The Competitions and Markets Authority (CMA) recognised the issue when it conducted its review into the Retail Banking Market – but it failed to deliver any real solution in its report published last summer.

It fell short of proposing an independently set maximum cap on charges – instead allowing banks to set a cap themselves, at a level of their choosing.

This cap as proposed by the CMA looks like it will be ‘business as usual’ for the banks, and will likely do nothing to stop the deepening of a person’s debt crisis with punitive and disproportionate charges.

We need a proper effective cap, set by and enforced by the Financial Conduct Authority (FCA), for it to have any impact on helping — rather than worsening — the situation for those people most in need.

The CMA passed the buck firmly to the FCA which has, thankfully, agreed to recognise the issue as part of its review into High-Cost Short-Term Credit.

However, in the meantime, financially vulnerable customers are being pushed further into debt by these high unarranged overdraft charges.

Action on charges

That’s why, in a debate in Parliament today, I’m calling on the Government to take action now.

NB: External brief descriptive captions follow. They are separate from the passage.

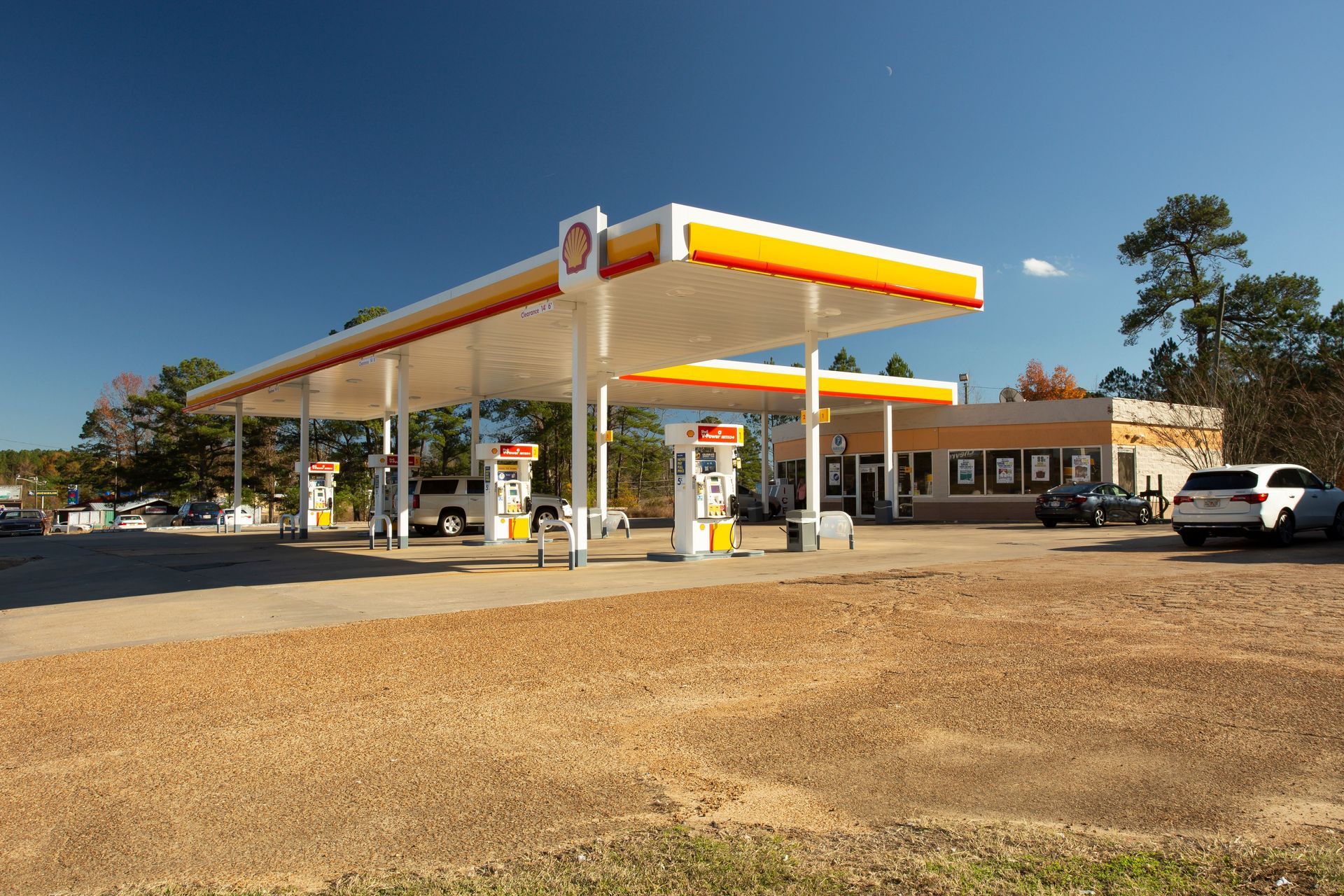 A gas station with cars parked in front of it on a sunny day.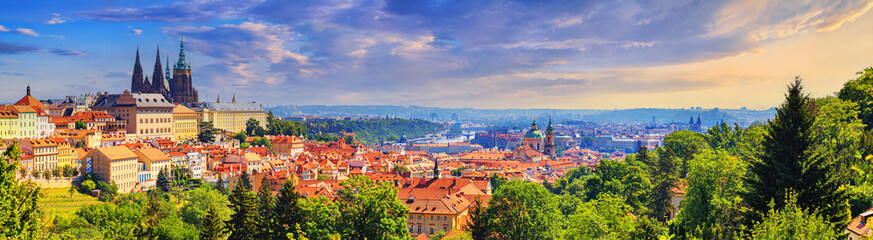 Summer cityscape, panorama, banner - view of the Hradcany historical district of Prague and castle...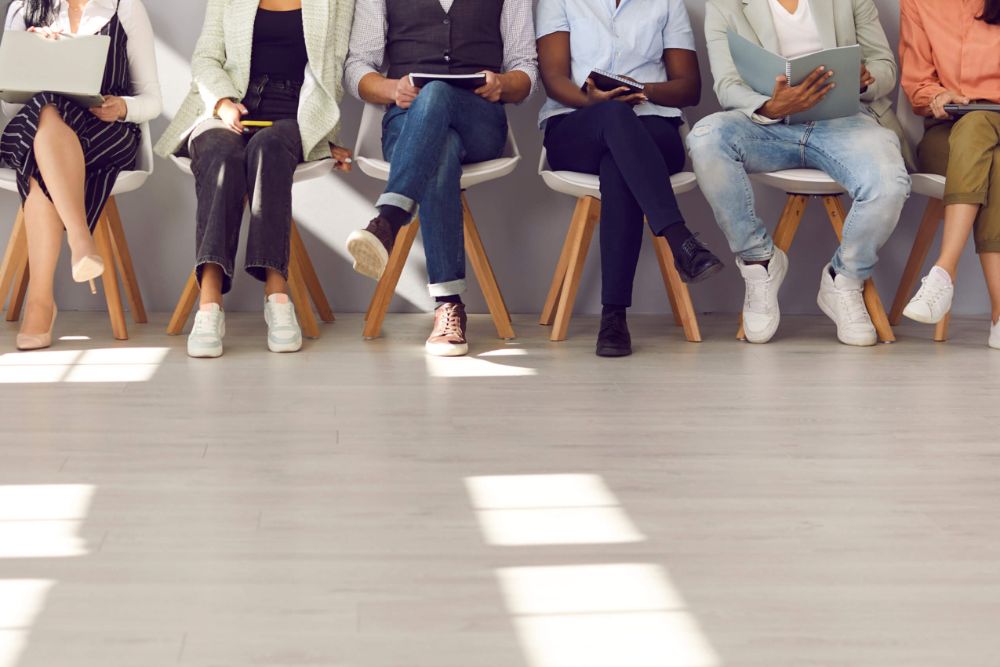 A line of job candidates sitting in chairs against a wall, just showing their legs.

I want the Government to set a maximum cap on overdraft charges to stop banks being able to impose charges that can be as much as 7.5 times higher than the maximum charge on a payday loan.

Today’s research is invaluable in highlighting the true nature of these charges, I’m extremely grateful to Which? for all the hard work and campaigning they are doing on this issue. I’ll continue to work closely with Which?, and do what I can in Parliament to put an end to these exorbitant charges.

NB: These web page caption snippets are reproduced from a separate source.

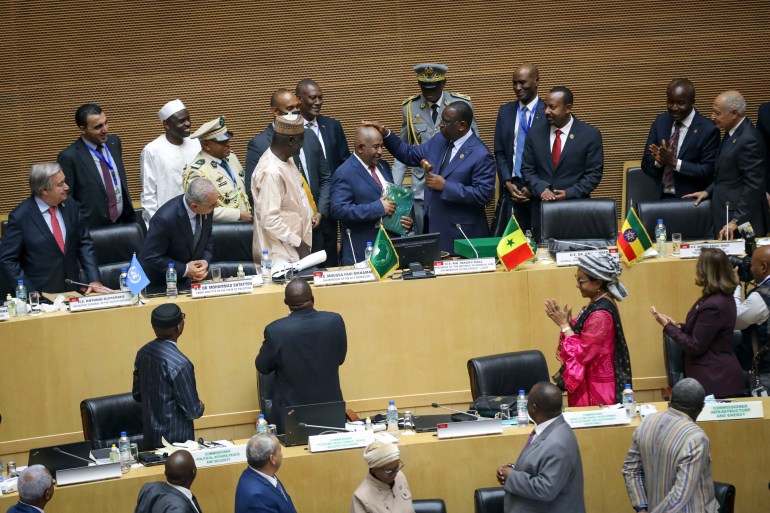 From top left, Secretary-General of the United Nations Antonio Guterres, Palestinian Prime Minister Mohammad Shtayyeh, African Union Commission Chairman Moussa Faki Mahamat, Comoros President Azali Assoumani, Senegal President Macky Sall, Ethiopia President Abiy Ahmed, and Secretary-General of the Arab League Ahmed Aboul-Gheit, attend the ceremony to appoint Assoumani as the new African Union (AU) chairperson, in Addis Ababa, Ethiopia Saturday, Feb. 18, 2023. The 36th African Union Summit is taking place in the Ethiopian capital this weekend. (AP Photo)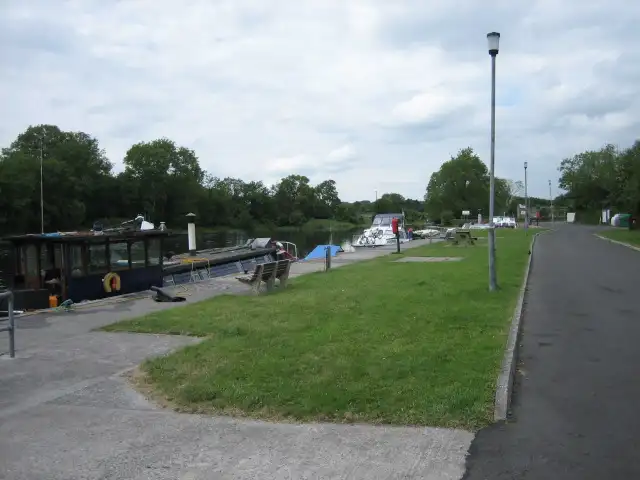 Boats lie along the mooring at Drumsna Harbour, beside a lawn with benches and a lamp-lit road on an overcast summer day.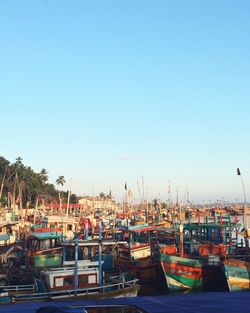 Boats moored at harbor against clear sky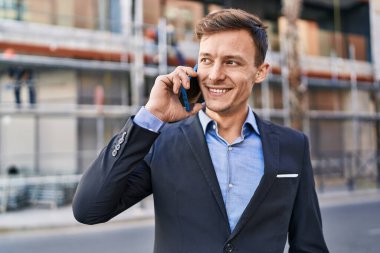 Young man business worker smiling confident talking on smartphone at street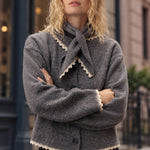 Model wearing a heather grey lace-trim cardigan and matching bandana scarf with jeans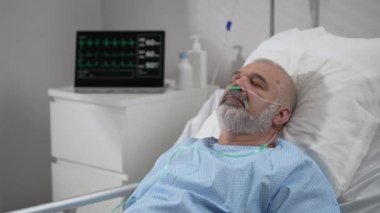 An elderly patient wakes up coming out of a coma. Open your eyes while lying on a bed in a hospital connected In the Hospital Sick Male Patient Sleeps on the Bed, .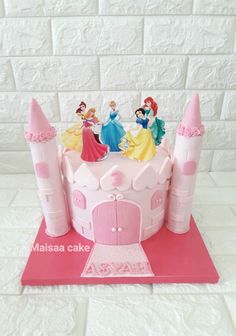 there is a cake with princesses on it and the castle has pink frosting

This is a guest contribution by Rachel Reeves MP. All views expressed here are Rachel’s own, and not necessarily those shared by Which?.

Have you been hit by an unarranged overdraft charge? Do you think enough is being done to crackdown on these charges?

Comments

As a Supply Teacher my income is irregular. Not surprisingly, the only times I have been overdrawn are those when demand for work is low/non-existent and unfortunately when demands on the purse are high (school summer holidays and Christmas). Despite my best attempts to plan I am often overdrawn during these periods – high bank fees place me under additional stress during financially stressful times. I really feel that there should be a grace period of two weeks before the high charges are enforced; I fully support the concept of long-term overdraft fees to prevent people from going into debt and living beyond their means.

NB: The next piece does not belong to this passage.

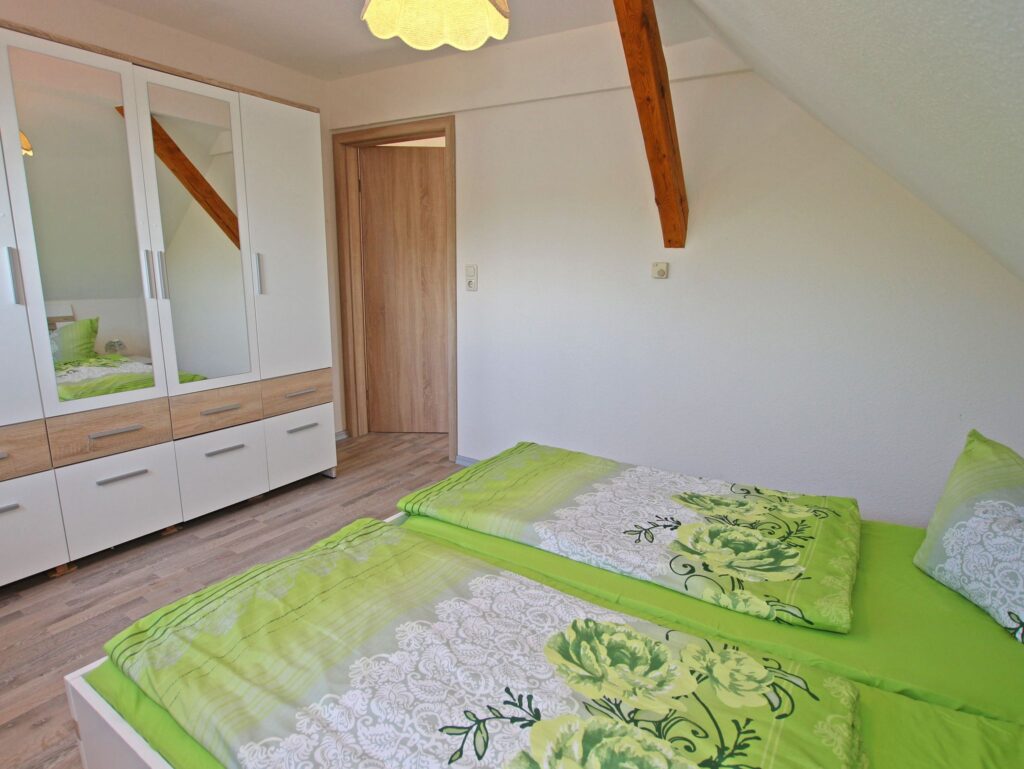 HOME Haus Watzkendorf - Ansicht Schlafzimmer Nr. 3 mit Doppelbett
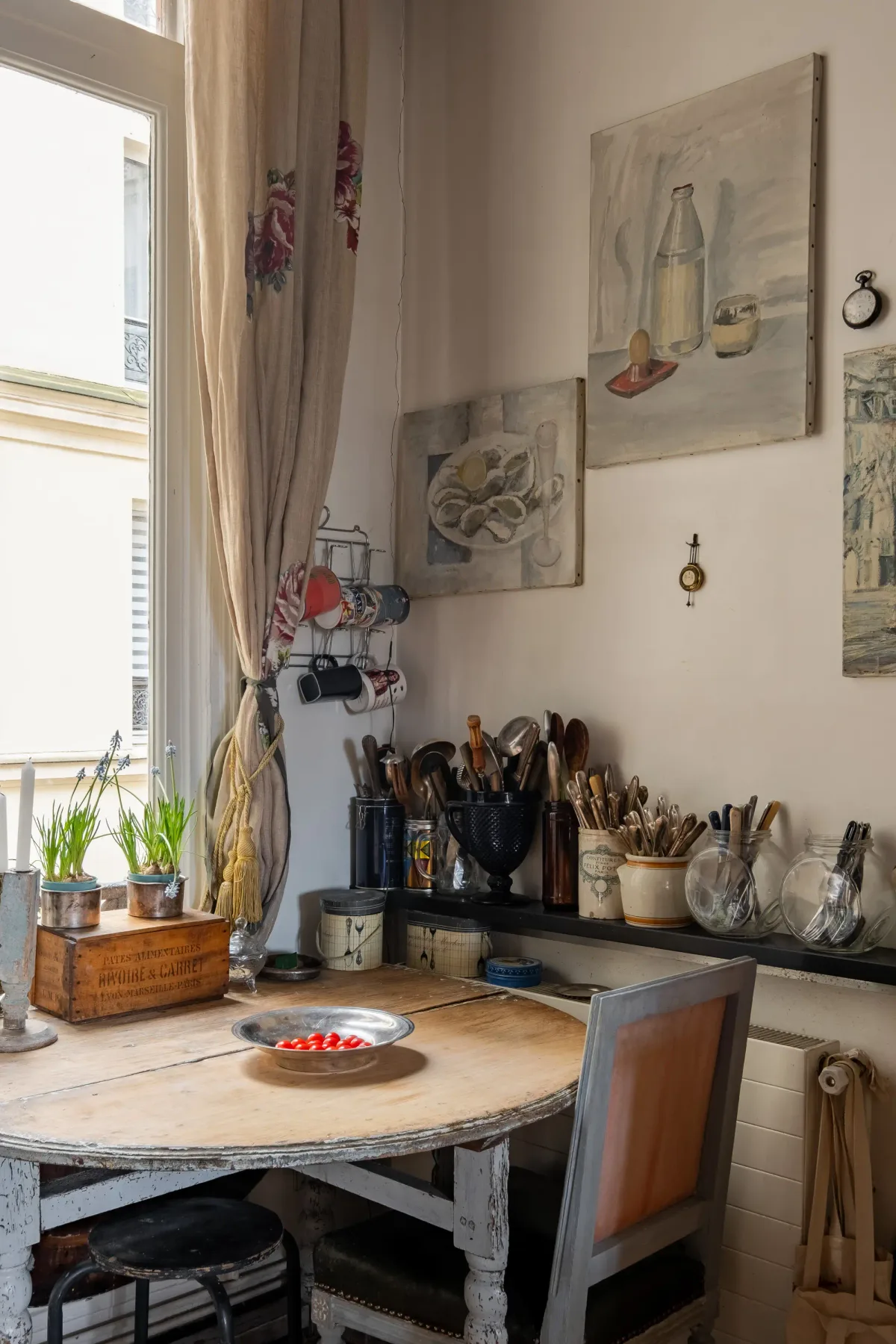 Una luminosa esquina de cocina con una mesa redonda, utensilios y cuadros en las paredes.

It is good to read a post from someone who has recent experience of being in debt. I suspect most contributors to this and similar topics are financially secure – and I hope you become one of them.

Annest, if you can show the bank what the irregularity of your income is but that, on balance. you earn more than, or equal to, what you withdraw then I would hope an arranged overfraft would provide the buffer you need at a reasonable cost.

When I log into my current account I see ‘Today’s balance’ and ‘Available’, the difference being the latter figure includes my arranged overdraft. That seems almost like an invitation to spend money I don’t have.

I have always disliked that presentation of my financial position. I don’t regard my ‘automatic’ overdraft facility as available money; it is a resource of last resort and should not be confused with cash in the bank. I don’t need reminding that I can access additional funds if things get tight and I would actually prefer it if I had to notify the bank – which could easily be done on-line – if I was going to enter that zone. It is an imprudent gesture to those who do not check their balance and coast along knowing that this flotation collar will automatically deploy without any action on their part. That contributes to irresponsibility in personal financial management.

I don’t know whether these ‘automatic’ overdraft limits are ever reviewed by the banks or just keep rolling along indefinitely. I expect for some people they are part of their monthly spending plan which means that any unplanned expenditure automatically tips them into unarranged overdraft territory. I am not sure that every customer has an ‘automatic’ overdraft facility, though, and some might fall straight into the high-interest high-charges pit, although, according to Malcolm’s helpful round-up of the banks’ responses to this campaign, most seem to have a fee-free buffer zone. They also say they go out of their way to inform their customers how to manage their money to avoid high fees and charges; I wonder how – I cannot say I have noticed much publicity in banks or information directed at this worthy endeavour, unlike the big posters encouraging people to take out loans and lifestyle insurance products.

Credit card companies regularly review their customers’ credit limits according to their spending profile. One of mine was reduced recently because I had been making little use of the available credit [because it is my habit to repay the full balance every month]. My first thought was that it was a bit inconvenient because I liked having a relatively high limit in case I wanted to make a major purchase, but on second thoughts I am quite happy with the reduced limit [it is still sufficient for anything you can buy on the high street] and it means that we would have to stop and think before plunging into a large expense and make a simple telephone call to increase the limit if necessary. Making us stop and think is a useful discipline.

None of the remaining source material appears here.